Your instructions >> Below is a listing. Gather each line of it that contains "Framed".

Data excerpts >>
== == ==

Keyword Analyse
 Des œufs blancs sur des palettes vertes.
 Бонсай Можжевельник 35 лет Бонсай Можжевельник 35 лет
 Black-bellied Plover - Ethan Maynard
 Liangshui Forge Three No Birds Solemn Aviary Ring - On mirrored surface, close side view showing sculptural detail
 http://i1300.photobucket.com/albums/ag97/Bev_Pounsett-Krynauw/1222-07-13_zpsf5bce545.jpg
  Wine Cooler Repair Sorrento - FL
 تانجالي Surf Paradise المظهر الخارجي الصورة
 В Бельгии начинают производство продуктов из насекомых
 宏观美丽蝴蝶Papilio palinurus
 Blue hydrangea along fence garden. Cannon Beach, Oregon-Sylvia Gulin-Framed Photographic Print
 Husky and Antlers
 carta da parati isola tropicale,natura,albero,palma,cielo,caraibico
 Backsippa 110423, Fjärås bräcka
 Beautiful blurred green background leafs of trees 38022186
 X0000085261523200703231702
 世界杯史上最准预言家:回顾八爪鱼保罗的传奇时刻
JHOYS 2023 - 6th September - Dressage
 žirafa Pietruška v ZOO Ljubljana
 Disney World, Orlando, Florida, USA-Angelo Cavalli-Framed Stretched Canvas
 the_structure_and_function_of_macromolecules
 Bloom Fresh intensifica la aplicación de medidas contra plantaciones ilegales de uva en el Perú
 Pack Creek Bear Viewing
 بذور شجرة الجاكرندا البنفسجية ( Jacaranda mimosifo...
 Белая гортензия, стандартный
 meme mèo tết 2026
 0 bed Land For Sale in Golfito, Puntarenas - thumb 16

== == ==

Answer space >>
 Blue hydrangea along fence garden. Cannon Beach, Oregon-Sylvia Gulin-Framed Photographic Print
 Disney World, Orlando, Florida, USA-Angelo Cavalli-Framed Stretched Canvas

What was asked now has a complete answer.